Supplied data >>
###

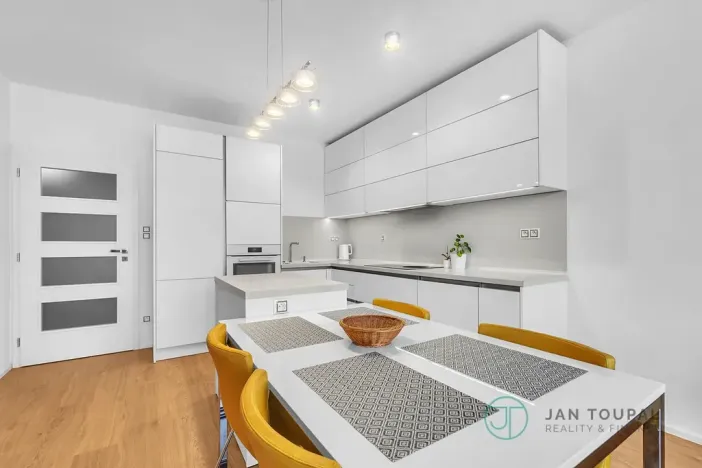 Pronájem bytu 2+kk, Týniště nad Orlicí, T. G. Masaryka, 64 m2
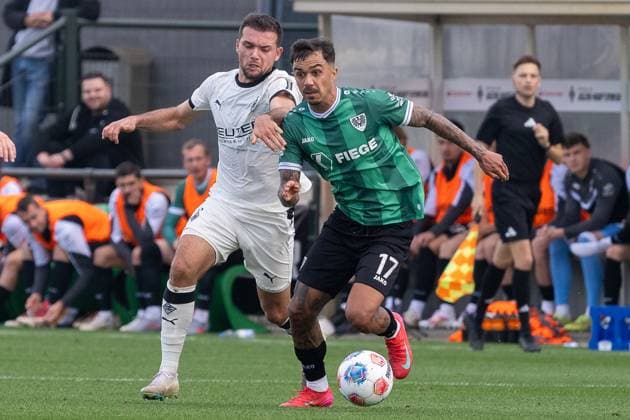 10.10.2025, Fussball: Freundschaftsspiel, Borussia Moenchengladbach - SC Preussen Muenster, Saison 2025 2026, Fohlenplatz am Borussia Park in Moenchengladbach. Zweikampf zwischen Kevin Stoeger (Borussia Moenchengladbach, 07) und Oliver Batista Meier (SC Preussen Muenster, 17). Foto: Kirchner-Media Thomas Haesler Copyright: xKirchner-Media ThomasxHaeslerx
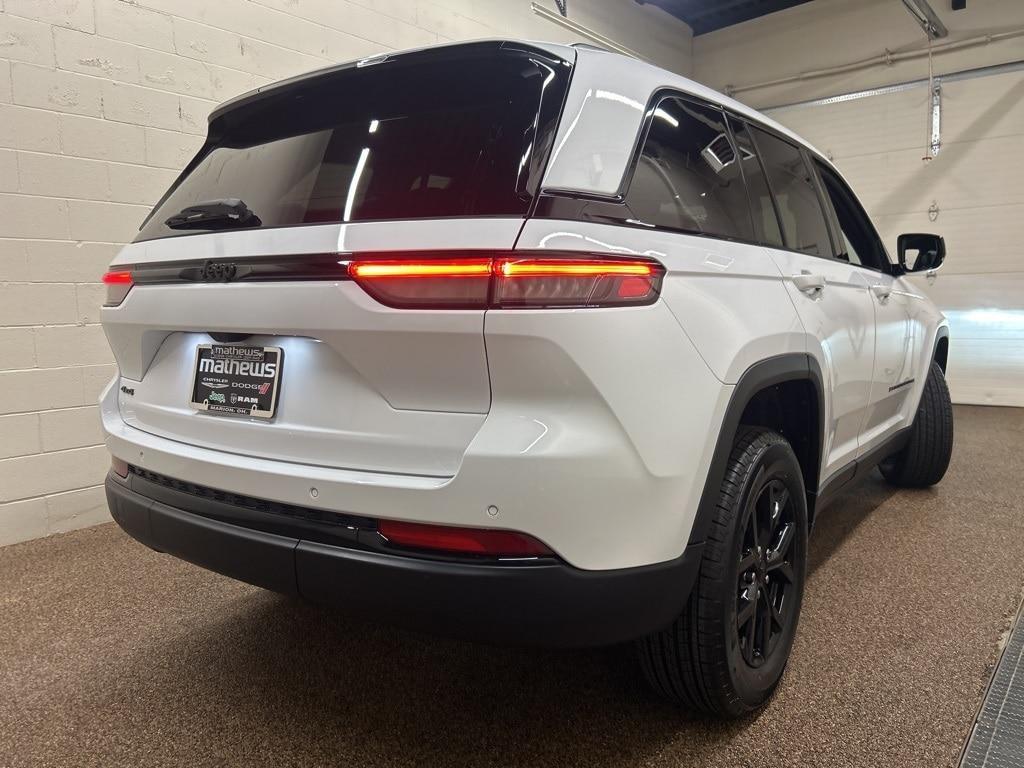 new 2025 Jeep Grand Cherokee car, priced at $40,693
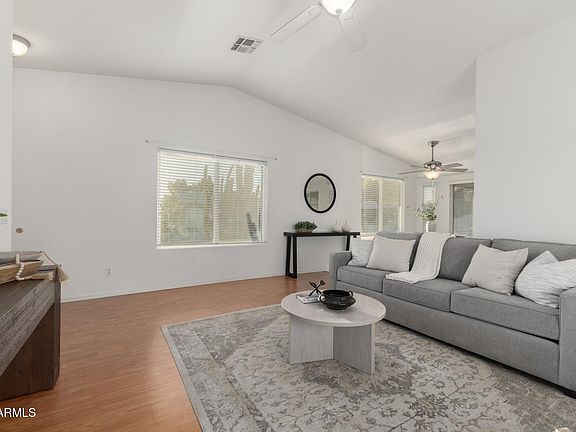 5th image of 1362 E CHERRY HILLS Drive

###

Work instruction >>
Your answer should consist solely of the lines from the one holding "new 2025 Jeep" through the end of the listing, reproduced exactly and without pictures.

Solution for this problem >>
 new 2025 Jeep Grand Cherokee car, priced at $40,693
 5th image of 1362 E CHERRY HILLS Drive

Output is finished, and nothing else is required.